It seems that most votes are divisive these days--excellent, Hull!

Tue, May 28th, 2019 6:22pm

Author
Reply

Thanks, Mike.

Tue, May 28th, 2019 11:40am

Sue Harris

A good, balanced view, Hully. David Cameron jumped ship the minute the s!!t hit the fan. Not for one second did he expect the outcome, otherwise he would never have put it to the public vote. How stupid some of these politicians are with their flawed perceptions, its all about chasing their own agendas. As you say, a second referendum is to pursue the result they intended to get in first place, never the other way around.. and they call it a democracy, it beggars belief. I seriously wish the country had never been given the vote in the first place. It was like the old saying of setting the cat amongst the pigeons, and boy has it done that. Teresa May's pathetic negotiations ended with a proposed agreement that would have been far worse than staying in as a fully fledged member. Goodness only knows where this monumental political circus will end, the consequences are unthinkable. Milk shake bombs .. whatever next!

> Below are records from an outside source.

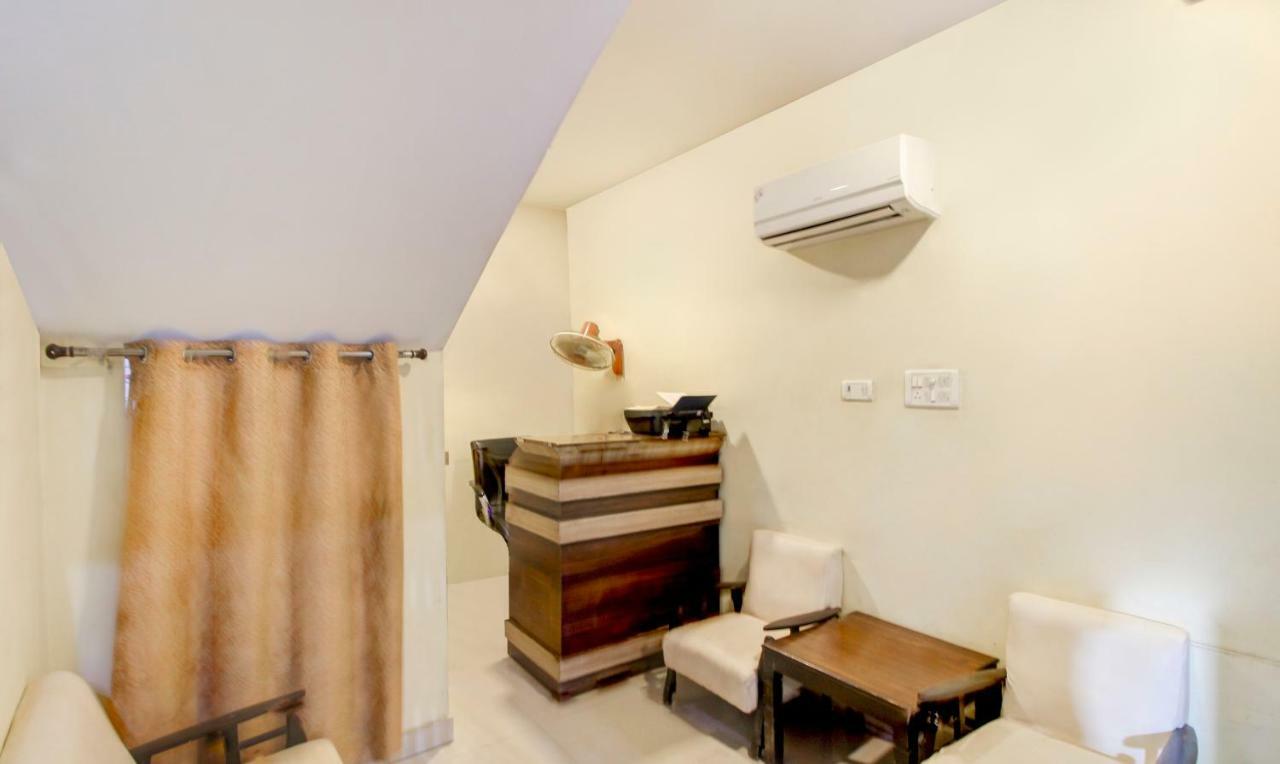 Itsy Hotels Royal Monarch โคราฆปุระ ภายนอก รูปภาพ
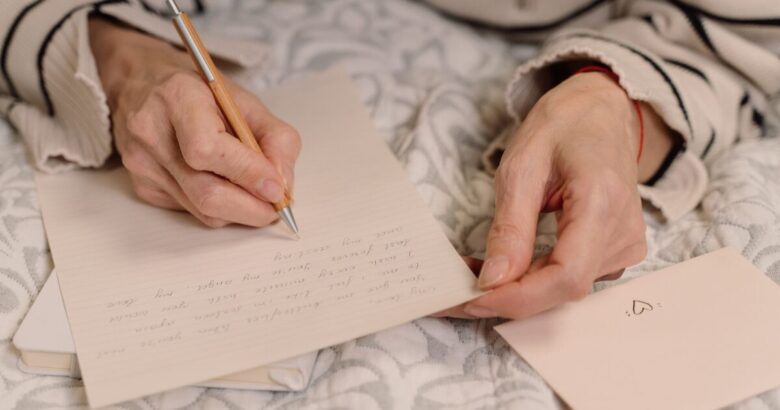 ペンを持ち、メッセージを書いている様子の画像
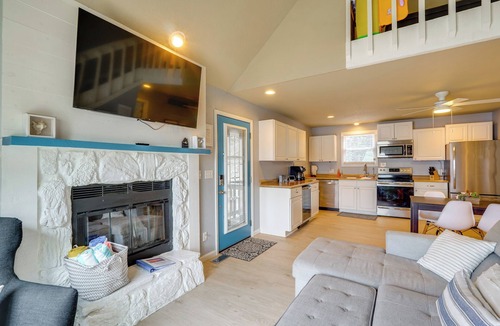 Linn Creek House | Lakefront Ozarks Home: Deck + Boat Dock!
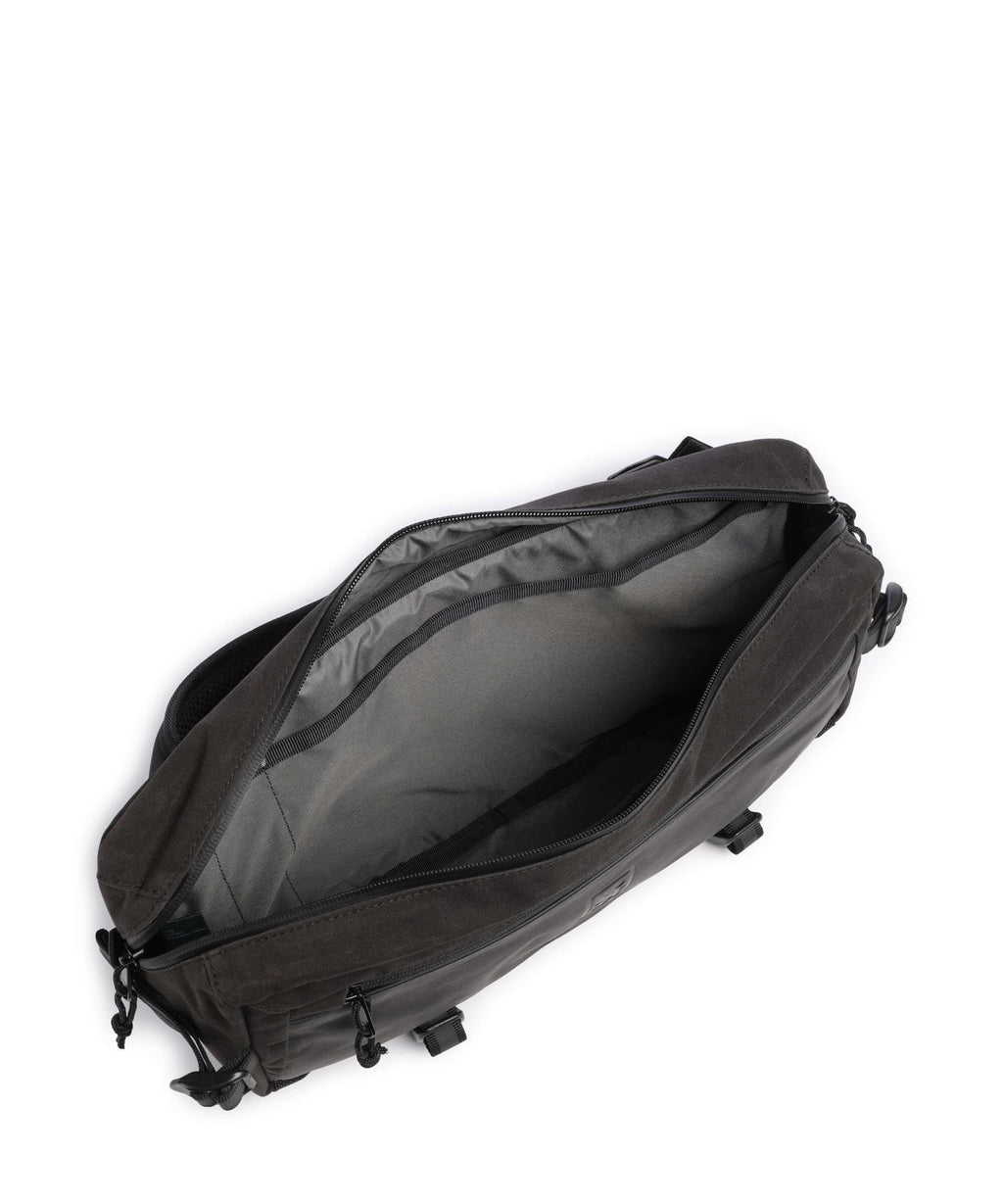 Chrome Kadet Sling bag black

Tue, May 28th, 2019 8:27pm

Author
Reply

Over here they had a referendum not so long ago, I'm not sure which treaty it was on, but the results went the opposite way to what they wanted. There followed so many scares, threats of doom, and finally another vote. And it worked for the politicians -- they got what they wanted, but it made a whole joke of the referendum process.
I hate the idea of Brexit, for personal reasons as much as anything else, but I do not believe that they should put it to a second vote. Doing that, after all this time and all the government failures is an insult to the population at large. Cameron took a gamble -- he lost -- and now some kind of resolution will have to be found.

Tue, May 28th, 2019 1:39pm

AdamCarlton

What do they say? Politics is war by other means? All's fair in love and war? :)

Tue, May 28th, 2019 9:11pm

Author
Reply

I guess there's a lot of truth in those words, Adam.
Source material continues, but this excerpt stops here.